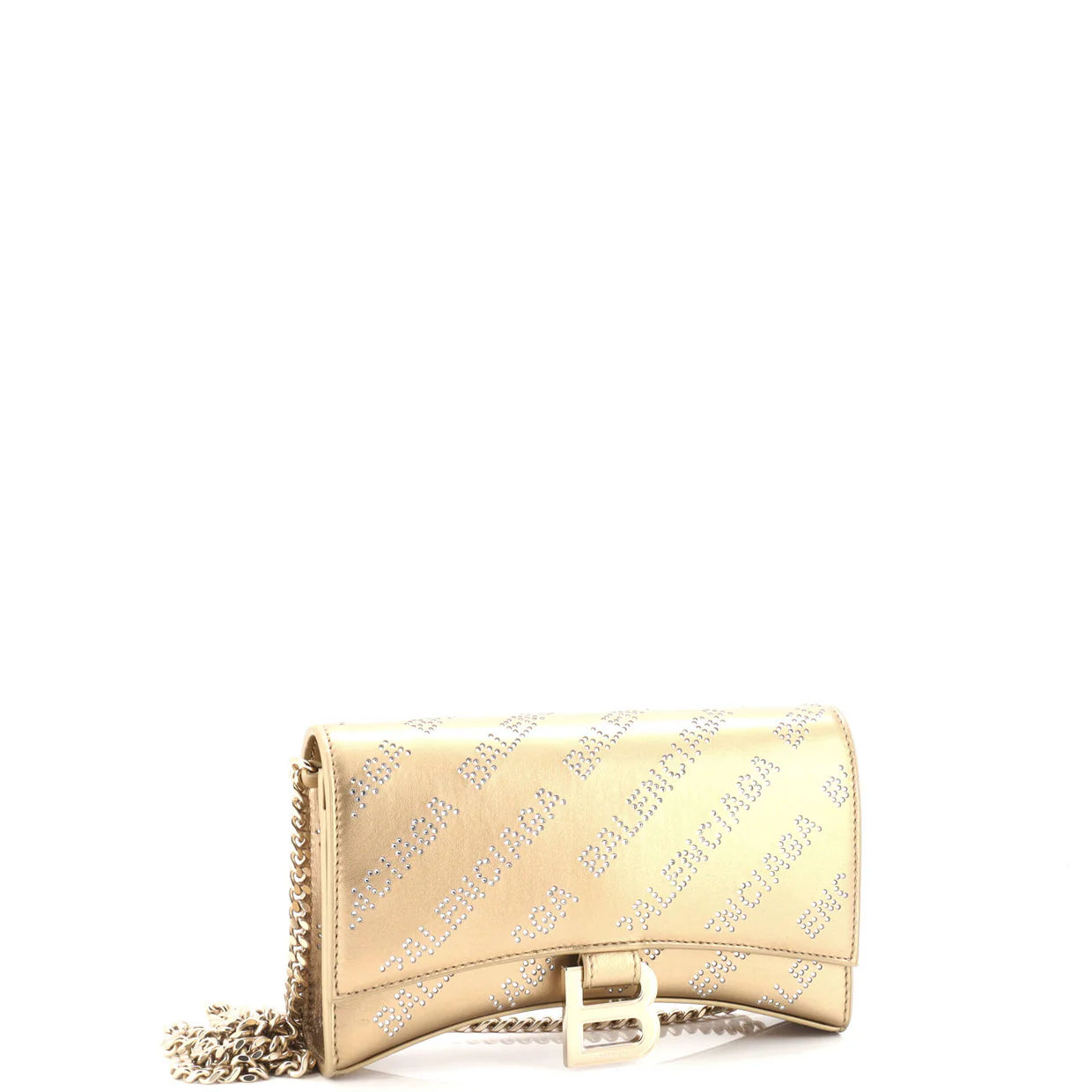 Hourglass Chain Wallet Logo Embellished Leather - Deep Luxury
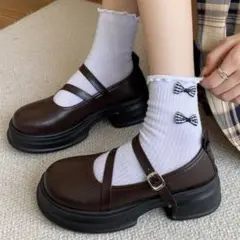 厚底ストラップシューズ ダークブラウン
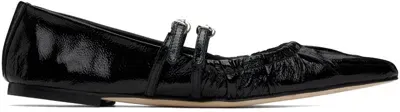 Msgm Black Naplak Ballerina Flats In 99 Black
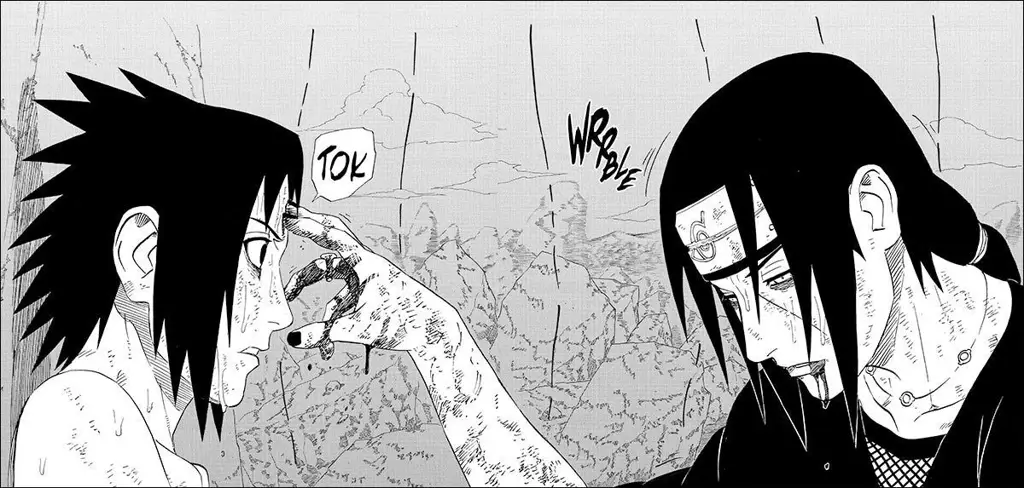 Sasuke dan Itachi bertarung dalam pertarungan yang penuh emosi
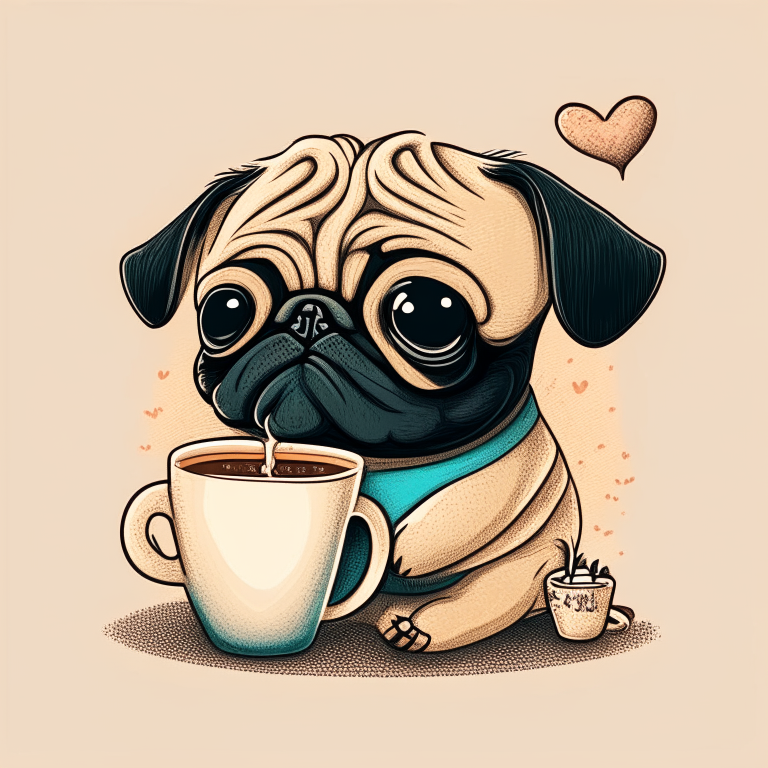 a Pug puppy drinking a latte with heart-shaped art, in a cartoon style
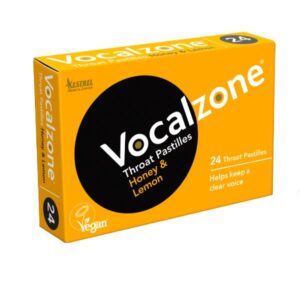 a pack of Vocalzone Throat pastilles Honey and Lemon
■ ■ ■ ■
PROBLEM TO SOLVE:
Give back word for word the lines from the one containing "Msgm Black Naplak" through the final line of the data above. Pictures are to be left out.

RESULT OF THIS TASK:
 Msgm Black Naplak Ballerina Flats In 99 Black
 Sasuke dan Itachi bertarung dalam pertarungan yang penuh emosi
 a Pug puppy drinking a latte with heart-shaped art, in a cartoon style
 a pack of Vocalzone Throat pastilles Honey and Lemon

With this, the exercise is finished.